Seperti diketahui, Kemendag saat ini sedang menggodok rencan revisi terhadap  Peraturan Menteri Perdagangan (Permendag) Nomor 50 Tahun 2020 tentang ketentuan perizinan usaha, periklanan, pembinaan, dan pengawasan pelaku usaha Dalam Perdagangan Melalui Sistem Elektronik (PMSE).

Baca Juga: Tahun Ini, Bisnis E-Commerce di Indonesia Diproyeksikan Berkembang Pesat

Ada tiga poin direncanakan akan dikedepankan dalam penyempurnaan aturan tersebut. Pertama, akan diatur agar platform e-commerce yang tidak boleh menjual barang bernilai di bawah US$ 100 secara lintas negara atau cross-border secara langsung.

Kedua, platform belanja online akan diatur agar tidak boleh menjadi produsen. Ketiga, pengenaan pajak yang sama antara barang impor dan usaha mikro, kecil, dan menengah (UMKM),

APLE meminta agar poin pertama tersebut dibatalkan. Menurut Sonny, Indonesia akan menghadapi kesulitan dalam kancah perdagangan internasional jika dinyatakan melanggar prinsip-prinsip perdagangan internasional sesuai kesepakatan bersama berdasarkan perjanjian WTO.
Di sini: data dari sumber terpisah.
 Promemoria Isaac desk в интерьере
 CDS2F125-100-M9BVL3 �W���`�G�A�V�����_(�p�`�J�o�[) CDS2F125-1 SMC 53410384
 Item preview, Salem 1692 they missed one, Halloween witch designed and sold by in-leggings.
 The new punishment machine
Sonny menambahkan, cross-border trading oleh merchant luar negeri merupakan bentuk perdagangan masa depan dan telah berlaku universal dengan asas resiprokal atau timbal balik sesama negara.
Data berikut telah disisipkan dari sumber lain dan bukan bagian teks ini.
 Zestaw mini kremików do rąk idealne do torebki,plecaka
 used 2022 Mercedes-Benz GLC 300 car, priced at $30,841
Ia bilang UMKM Indonesia saat ini telah menikmati dan sangat diuntungkan sebagai merchant ekspor secara cross-border ke enam negara ASEAN. Oleh karena itu, kata dia, apabila terjadi pelarangan impor ke Indonesia maka keberlangsungan bisnis puluhan juta UMKM dengan pasar ekspor pun akan terancam. “Sebab, ada asas resiprokal yang diterapkan oleh negara-negara lain,” ujar Sonny. 

Sedangkan terkait poin ketiga dalam hal pemasukan negara, Sonny menyebut sebenarnya telah digunakan sistem delivery duty paid (DDP) dengan menerapkan e-catalog, untuk memastikan pemenuhan pembayaran bea masuk dan pajak impor barang e-commerce. Sistem ini pun diakui sebagai yang terbaik di Kawasan ASEAN.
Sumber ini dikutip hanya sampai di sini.